Roles - Statuses: Defines which roles can use which statuses.
It turns out, that the life cycle of one issue type isn’t the same as another. A “bug” might have statuses like “new”, “assigned”, “ready for testing”, “tested”, “shipped”, “closed”. A “task” might have statuses like “new”, “in progress”, “done”, etc. Altering the model according...
Issues
Issue types
Issue type statuses: Each issue type has its own set of statuses.
Users
Roles
Roles – Issue type statuses: Defines which roles can use which statuses.
It turns out that the people sometimes don’t understand the correct sequence of statuses. If a bug is now in “ready for testing” status, the next status couldn’t be “new”. It would have to be something like “passed testing” or “failed testing”. Altering the model accordingly...
Issues
Issue types
Issue type statuses
Issue type statuses – related statuses: Defines which statuses are valid “pre” and “post” states for any given status.
Users
Roles
Roles – Issue type statuses.
It’s a big company. There isn’t just one project, and different teams want to do things different ways. So, let’s add “Project” and allow everything that’s configurable to vary by Project. Also, the same person might be on more than one project and have different roles on the different projects... (See my "Empathy with Jira" post - this is what Jira's customers want.)
Issues
Project
Project Issue types
Project Issue type statuses: Each issue type has its own set of statuses. Issue types and their statuses are defined per project.
Users
Project Role
User – Project Role: Same person, different roles on different projects.
Project Roles – Issue type statuses: Defines which roles can use which statuses.
Project Issue type statuses – related statuses: Defines which statuses are valid “pre” and “post” states for any given status.
See where I'm going with this? With each new requirement, control and configuration is getting more and more granular. On the one hand, the model is becoming more like the real world, but on the other hand, the model is becoming unwieldy.
Did you ever try to model a contact list, or address book?
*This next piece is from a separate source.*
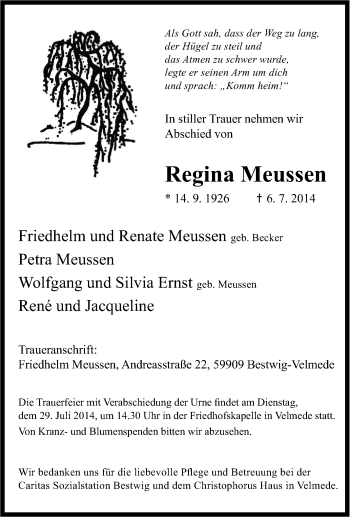 Traueranzeige von Regina Meussen von Tageszeitung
John and Mary have their home, their summer home, their workplaces, their home phones, their cell phones, the phone in their summer home. If you modeled that like a relational database designer, it would end up being a very complicated model. You might have entities like Person, Location, Location Type, Phone, Person/Phone, Location/Phone, Household, Household/Location. Real world contact lists - like the ones in Yahoo mail or Gmail - flatten out everything. Easier for us to understand.
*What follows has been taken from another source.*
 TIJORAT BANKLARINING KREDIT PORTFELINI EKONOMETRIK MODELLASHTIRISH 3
As a data model becomes more complicated, as there are more "by's", as in status BY item type BY project, the GUI becomes more complicated also. The task of configuration becomes bigger, more time-consuming, more daunting. While I do want BugTracker.NET to be more adaptable, I always want it to remain a good choice for the small, fast, informal, non-hierachical team.
Right now, BugTracker.NET's data model is the first model I described. Very simple. (BugTracker.NET does have "Projects", but item types and statuses are global, not per project). The model is too simple to meet the requirements of a big organization that wants an issue tracker to help enforce hierarchy and division of labor. In the near future - the coming weeks - I will be adding the concept of role to BugTracker.NET in December (it's already implemented in the development codebase), but I don’t have plans in the near future to support different status types for different issue types and no near-term plans for enforcing valid pre/post status transitions. So, because BugTracker.NET lacks the means to enforce hierarchy, division of labor, workflow, I think that large corporations, which tend to be enforcement-minded, would find it lacking.